Erika Aupperle
Erika Aupperle lives and works in the Motueka Valley near Nelson. She is a graduate from the Australian National University ceramics diploma and has a piece in their permanent collection. She works in the stoneware temperature range making sculptural pieces and kitchenware. A member of the Suter Art Society in Nelson, Erika has won two awards for her work and appeared in several exhibitions.
Escha van den Bogerd
Escha was born in The Hague, Holland and attended the Rudolf Steiner school which taught many art subjects including painting drawing and art history. After finishing school she studied art in Florence, Salzburg and Holland. Escha has developed a style that combines figurative and abstractive images working together and reinforcing each other on the canvas. Her work has delicate compositions and colour palettes of many of the Italian Romance artists and her use of wash like techniques adds drama and vibrancy to her paintings.
Escha now lives in Wellington and her paintings are sold here and in Europe. She has exhibited many times in solo and group shows including numerous times in her native Holland and new home New Zealand. Over 15 years Escha's exhibitions included shows in Geneva, Amsterdam, Rotterdam, Stockholm, Venice, Vienna, New York, New Jersey, Moko City Japan and Listowel Ireland.
Paddy Bourke
Paddy is a New Zealand artist based in Auckland who sells nationally and internationally through galleries and via websites.
Paddy designs and makes body sculptures and wall plaques. The wall plaques are based on proportional figures on abstract backgrounds. In his body parts series Paddy makes a solid clay statue, which is then altered in order to achieve an individual sculpture. Paddy works the whole process, from conception to completion and uses a variety of finishes which include metallic glazes and ceramic stains as well as different firing options including salt, soda and wood firing.
Phil Dickson
Phil is a Wellington artist who enjoys painting a wide range of subjects including those of cities, the broader countryside, seascapes and the mountains. His sketchbook and paints accompany him while travelling so he can capture the inspiration of any time and place. Phil also likes painting subjects of places familiar to him as they once were, thus revealing them in an historic context from early records, photographs and memory. Phil works in watercolour, oils and pencil.
Phil is a member and exhibitor in the New Zealand Academy of Fine Arts, Watercolour New Zealand and Wellington Art Club. His exhibitions include other art societies, small groups of fellow artists and a solo exhibition with the Academy of Fine Arts. Phil has run courses in drawing and painting. He sells paintings from exhibitions and galleries. Phil welcomes commission
Vincent Duncan
My passion for art began when I was very young, it has always been a priority for me to express myself though my painting. I am a self-taught artist, pursuing my painting full-time since 1996. My subject matter has historically been figurative with a particular interest in the land and seascapes of Wellington. By creating my own unique expression of what I see and experience in the Wellington environment I have been able to convey my vision of joy and fun.
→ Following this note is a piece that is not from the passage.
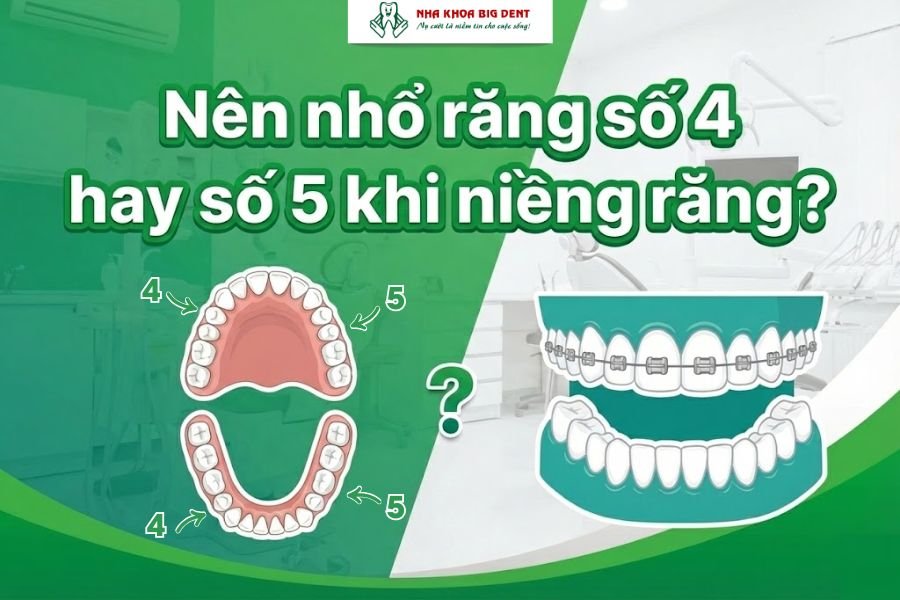 nhổ răng số 5 khi niềng răng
Although still interested in figurative art my current work has beenleaning towards experimentation in more abstract art, focusing on texture and colour. I describe myself as ‘cheeky and intuitive’, painting what I see and feel with little regard for formal drawing techniques and academic methods. My idea of perspective is based on feeling and not on reality
or precise technical application. These anomalies are often what make the images humorous, symbolic or uniquely my own. As a very tactile person I use various texturing processes preferring to use my fingers instead of a brush. I have affection for a variety of mediums with particular preference for acrylics and oils.
Sam Earp
Sam is young artist from the UK now living in Wellington. Starting out with an exhibition in 2010 he is gradually making an impact with his powerful seacapes and deft landscapes. Sam is a self taught artist and has a passion to learn his craft through personal experimentation. Sam's work is notable for the power and feeling of his wild seas, the subject of his most intense studies.
Ursula Edwards
Originally from Germany, Ursula studied ceramics at Swansea College of Art and Design in Wales between 1979 and 1982. Upon returning to Germany she completed an apprenticeship in studio ceramics at the Topferei Jacobitz, Schwangau, Bavaria. She later began work for the Pletzer studio Prien am Chiemsee, specialising in traditional Bavarian forms and decoration. New Zealand was always a dream destination for Ursula. In 2001 she moved her family to Blenheim and now produces work inspired by New Zealand influences for galleries throughout New Zealand and the famous Nelson craft market.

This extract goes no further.